On doit autre chose encore aux économistes, si, les premiers, ils ont bien compris que l’arbitraire ou le caprice du législateur ne saurait aller à l’encontre des lois qui gouvernent l’évolution des sociétés. L’humanité n’est pas une argile dont la plasticité puisse docilement revêtir toutes les formes qu’un faiseur d’utopies essaiera de lui imposer, et nous sommes soumis à des nécessités dont nous ne pouvons éluder l’autorité contraignante qu’à la condition de commencer par nous y soumettre. C’est à Montesquieu que l’on fait généralement honneur d’avoir posé, si je puis ainsi dire, ce déterminisme historique. La vérité est qu’il n’a guère fait que l’entrevoir, et la conclusion dernière à tirer de son Esprit des Lois serait tout aussi bien, si l’on le voulait, que les hommes sont les maîtres des lois qui les régissent. Les lois du passé, celles du Latium ou du Malabar, de la Grèce ou de Bornéo, sont l’œuvre des circonstances, mais les lois de l’avenir, celles de la cité future, étant l’œuvre du calcul et de la raison, le seront donc aussi de notre liberté : voilà proprement ce qu’enseigne Montesquieu.
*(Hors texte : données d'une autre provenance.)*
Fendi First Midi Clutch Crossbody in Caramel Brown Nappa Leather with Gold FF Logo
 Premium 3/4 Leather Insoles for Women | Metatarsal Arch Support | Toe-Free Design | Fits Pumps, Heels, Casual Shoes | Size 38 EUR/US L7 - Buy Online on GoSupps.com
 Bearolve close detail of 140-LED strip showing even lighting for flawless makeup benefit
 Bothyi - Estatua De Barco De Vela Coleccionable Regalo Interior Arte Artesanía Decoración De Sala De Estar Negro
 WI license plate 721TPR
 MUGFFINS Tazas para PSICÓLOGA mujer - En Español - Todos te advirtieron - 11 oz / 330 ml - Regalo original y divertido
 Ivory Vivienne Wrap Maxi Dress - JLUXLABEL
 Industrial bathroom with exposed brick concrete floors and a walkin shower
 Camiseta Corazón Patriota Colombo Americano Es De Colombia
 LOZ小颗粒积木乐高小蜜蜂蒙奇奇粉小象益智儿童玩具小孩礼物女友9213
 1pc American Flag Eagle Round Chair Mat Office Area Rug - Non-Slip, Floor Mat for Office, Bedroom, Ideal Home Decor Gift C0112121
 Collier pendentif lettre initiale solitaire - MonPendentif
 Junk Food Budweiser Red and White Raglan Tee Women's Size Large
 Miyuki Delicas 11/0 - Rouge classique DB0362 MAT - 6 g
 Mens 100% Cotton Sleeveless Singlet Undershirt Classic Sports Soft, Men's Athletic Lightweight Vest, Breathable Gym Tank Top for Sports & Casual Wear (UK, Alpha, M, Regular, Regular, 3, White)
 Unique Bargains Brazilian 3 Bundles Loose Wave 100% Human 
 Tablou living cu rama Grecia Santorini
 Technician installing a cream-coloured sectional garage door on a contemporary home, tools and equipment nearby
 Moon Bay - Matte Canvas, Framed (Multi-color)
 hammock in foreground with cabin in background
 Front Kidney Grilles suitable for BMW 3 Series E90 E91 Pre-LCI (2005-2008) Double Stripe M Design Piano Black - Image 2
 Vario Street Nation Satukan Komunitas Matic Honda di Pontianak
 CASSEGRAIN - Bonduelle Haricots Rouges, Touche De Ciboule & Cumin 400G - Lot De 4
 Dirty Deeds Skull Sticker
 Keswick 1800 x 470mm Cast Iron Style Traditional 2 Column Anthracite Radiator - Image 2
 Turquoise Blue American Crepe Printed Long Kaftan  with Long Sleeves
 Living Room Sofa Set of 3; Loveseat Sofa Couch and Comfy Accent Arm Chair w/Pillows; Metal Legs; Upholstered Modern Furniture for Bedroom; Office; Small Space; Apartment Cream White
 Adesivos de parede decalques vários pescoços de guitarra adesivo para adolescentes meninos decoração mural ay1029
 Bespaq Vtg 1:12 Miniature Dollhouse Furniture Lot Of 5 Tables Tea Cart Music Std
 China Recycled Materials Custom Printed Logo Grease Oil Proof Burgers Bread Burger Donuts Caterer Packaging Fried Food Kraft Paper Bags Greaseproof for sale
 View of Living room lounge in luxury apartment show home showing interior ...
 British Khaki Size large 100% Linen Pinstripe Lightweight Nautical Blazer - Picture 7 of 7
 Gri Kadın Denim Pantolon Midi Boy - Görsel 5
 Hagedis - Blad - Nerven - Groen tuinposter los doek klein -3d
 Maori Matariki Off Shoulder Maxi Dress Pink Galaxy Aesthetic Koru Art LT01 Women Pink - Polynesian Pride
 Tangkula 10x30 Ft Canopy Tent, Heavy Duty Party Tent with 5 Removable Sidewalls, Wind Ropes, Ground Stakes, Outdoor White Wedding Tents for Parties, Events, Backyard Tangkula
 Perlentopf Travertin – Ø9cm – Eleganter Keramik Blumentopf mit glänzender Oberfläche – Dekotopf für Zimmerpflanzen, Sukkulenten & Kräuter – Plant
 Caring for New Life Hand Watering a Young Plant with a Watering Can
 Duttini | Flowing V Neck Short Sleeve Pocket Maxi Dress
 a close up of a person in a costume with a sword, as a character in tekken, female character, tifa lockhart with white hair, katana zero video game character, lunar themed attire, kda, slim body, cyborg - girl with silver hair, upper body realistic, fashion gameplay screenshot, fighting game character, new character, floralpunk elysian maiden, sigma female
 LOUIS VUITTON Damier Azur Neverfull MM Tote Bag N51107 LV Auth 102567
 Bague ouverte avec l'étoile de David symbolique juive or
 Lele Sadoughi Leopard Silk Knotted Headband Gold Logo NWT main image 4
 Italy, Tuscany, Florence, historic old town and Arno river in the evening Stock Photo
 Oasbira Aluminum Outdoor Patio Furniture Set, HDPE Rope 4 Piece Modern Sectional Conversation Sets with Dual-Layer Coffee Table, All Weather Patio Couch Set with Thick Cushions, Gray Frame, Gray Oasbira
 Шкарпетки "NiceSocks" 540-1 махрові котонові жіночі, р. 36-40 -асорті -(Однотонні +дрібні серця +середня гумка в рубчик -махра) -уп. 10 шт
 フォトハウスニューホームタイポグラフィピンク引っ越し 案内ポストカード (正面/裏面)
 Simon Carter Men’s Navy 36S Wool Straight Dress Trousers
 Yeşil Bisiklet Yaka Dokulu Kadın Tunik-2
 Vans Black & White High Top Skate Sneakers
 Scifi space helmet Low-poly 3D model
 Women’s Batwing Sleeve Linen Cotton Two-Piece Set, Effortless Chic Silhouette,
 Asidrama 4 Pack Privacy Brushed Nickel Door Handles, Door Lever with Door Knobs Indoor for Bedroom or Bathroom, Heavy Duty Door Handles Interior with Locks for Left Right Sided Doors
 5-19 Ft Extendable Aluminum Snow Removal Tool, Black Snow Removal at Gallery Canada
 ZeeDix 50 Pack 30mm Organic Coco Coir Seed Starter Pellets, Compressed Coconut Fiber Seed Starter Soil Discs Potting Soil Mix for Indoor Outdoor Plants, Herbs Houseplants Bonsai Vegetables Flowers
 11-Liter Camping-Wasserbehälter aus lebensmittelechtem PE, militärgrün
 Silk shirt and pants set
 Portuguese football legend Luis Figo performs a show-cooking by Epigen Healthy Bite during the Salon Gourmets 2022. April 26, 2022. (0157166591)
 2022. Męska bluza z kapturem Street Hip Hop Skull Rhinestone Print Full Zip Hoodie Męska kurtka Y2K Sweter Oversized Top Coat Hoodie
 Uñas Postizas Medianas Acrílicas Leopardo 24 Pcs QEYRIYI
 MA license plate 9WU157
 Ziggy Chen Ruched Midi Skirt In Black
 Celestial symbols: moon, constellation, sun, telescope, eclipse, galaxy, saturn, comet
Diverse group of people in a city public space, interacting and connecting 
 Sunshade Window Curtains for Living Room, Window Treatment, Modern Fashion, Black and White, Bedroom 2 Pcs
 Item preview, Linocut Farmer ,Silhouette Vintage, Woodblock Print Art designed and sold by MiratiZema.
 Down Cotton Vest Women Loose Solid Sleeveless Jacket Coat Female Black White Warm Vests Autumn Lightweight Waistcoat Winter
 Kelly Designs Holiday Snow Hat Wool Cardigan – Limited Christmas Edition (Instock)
En réalité, ce sont les physiocrates, ce même Mirabeau, dont nous citions les paroles, c’est le chef de l’école, c’est Quesnay, qui ont introduit cette idée de « Loi naturelle » dans la philosophie politique du XVIIIe siècle, et on entend bien que la « Loi naturelle » des physiocrates est tout autre chose que la « Loi de nature » des Diderot et des Rousseau. Elle est même autre chose que « la Loi naturelle » de Voltaire. « Les lois naturelles de l’ordre des sociétés sont les lois physiques mêmes de la reproduction perpétuelle des biens nécessaires à la subsistance, à la conservation et à la commodité des hommes… Or, l’homme n’est pas l’instituteur de ces lois, qui fixent l’ordre des opérations de la nature et du travail des hommes… Il n’y a donc point à disputer sur la puissance législative quant aux premières lois constitutives des sociétés, car elle n’appartient qu’au Tout-Puissant, qui a tout réglé et tout prévu dans l’ordre général de l’univers : les hommes ne peuvent y ajouter que du désordre, et le désordre qu’ils ont à éviter ne peut être exclu que par l’observation exacte des lois naturelles. »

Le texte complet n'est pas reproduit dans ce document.